Nick Meyer – The Local
Nick Meyer grew up in a small mill town in Western Massachusetts and since his youth the town’s terrain has been in flux, with houses and shops continuously erected, razed, and rebuilt in the chasm left by disintegrated industries. The Local documents a town caught between aspiration and decline, a deeply personal account which reveals the struggles, tumult, and everyday life that occur in a place which, from the outside, appears caught in stasis. The experience depicted here is of strangeness and familiarity: the rhythm of change might be recognisable but the parameters have shifted, with opioid addiction and economic crises joining the steady thrum of deindustrialisation in defining the deep-seated volatility.
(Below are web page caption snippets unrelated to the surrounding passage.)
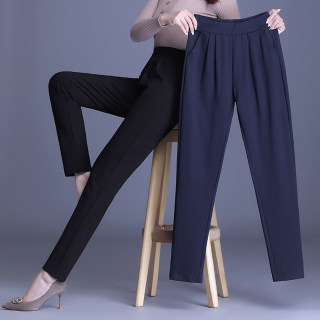 2025 autumn new high-waist slim harem pants for women 
2025 autumn new high-waist slim harem pants for women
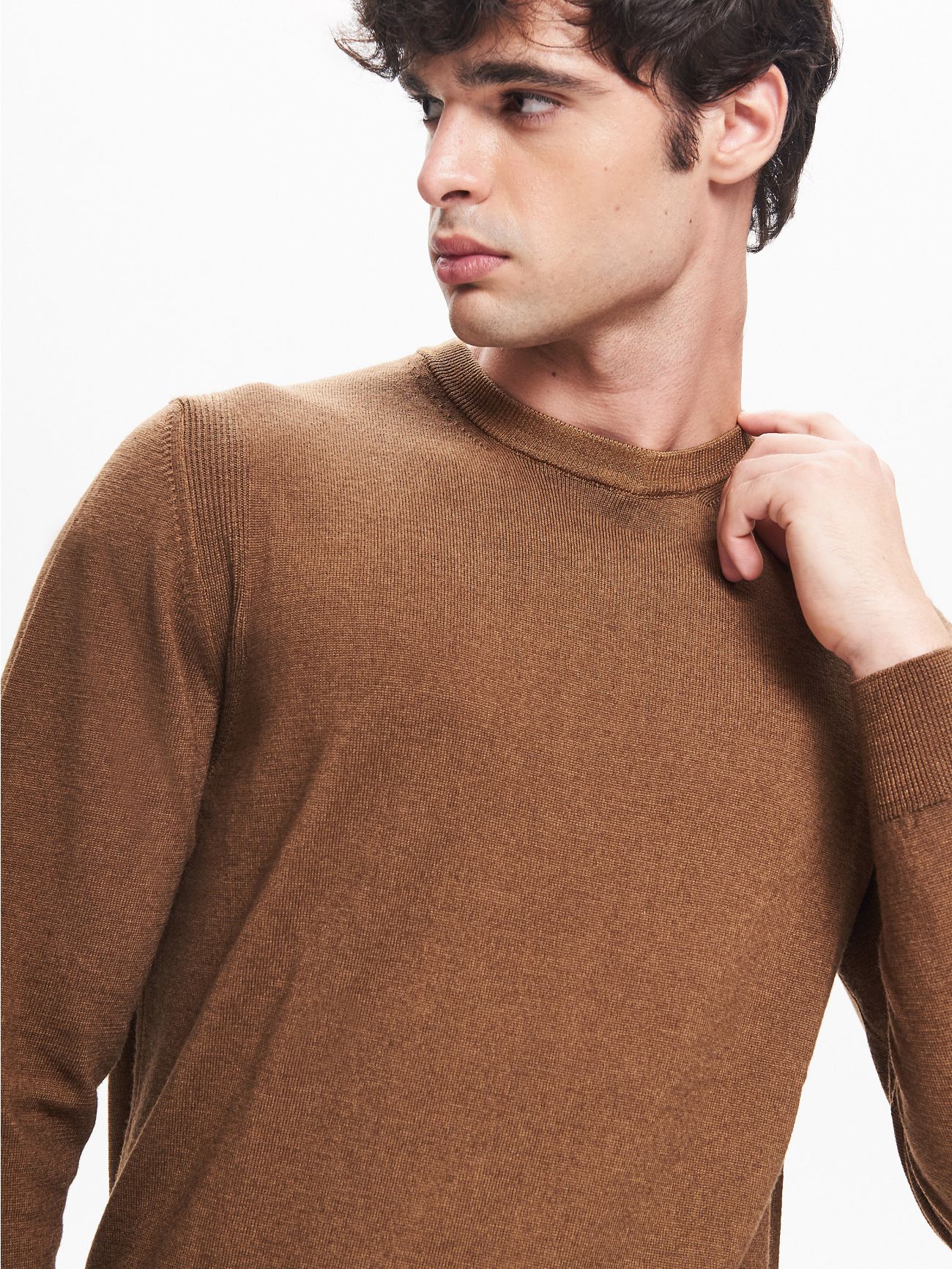 Maglia Girocollo Uomo Costine nel Giromanica QB24 Rinascimento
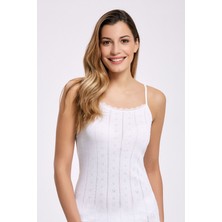 İlke Ilke Kadın,transferli,jakarlı,rahat,yumuşak,nefes Alabilen,esnek,ip Askılı Atlet 6'lı Paket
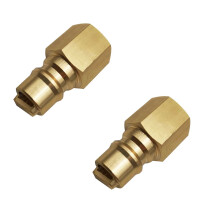 Gasslange, benzintank, lynkobling, 3/8 tommer messingprop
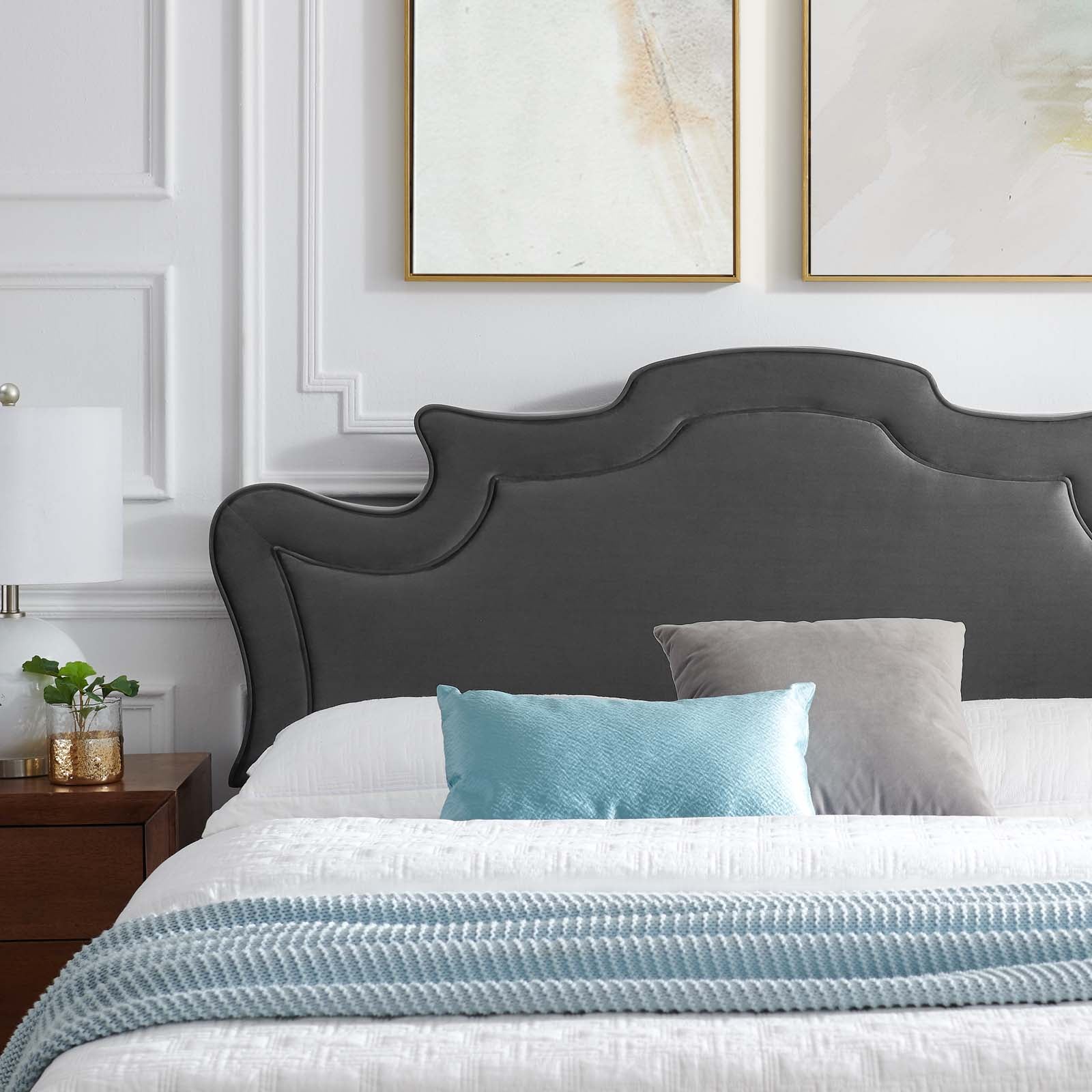 Neena Performance Velvet King Bed By Modway - MOD-6840 | Beds | Modishstore - 3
With the trope of ‘left behind’ USA now a familiar invocation, Meyer’s work offers a uniquely positioned assessment of this figurative non-place, tracing its connections to the particular people and topography of an individual town. In this way, the studied depiction of stark socio-economic realities effloresces into something more mythic but no less piercing. Meyer’s hometown becomes a many-layered, poetic, and often ghostly space, recalling T.S. Eliot’s The Waste Land and William Carlos Williams’ Patterson. As it moves between past and future, face and landscape, textural detail and vast tableau, Meyer’s shifting perspectives demand a reconsideration of what ‘local’ is: what makes a place a place within the homogenised landscape of postindustrial capital, and what attitude or degree of proximity might disclose it.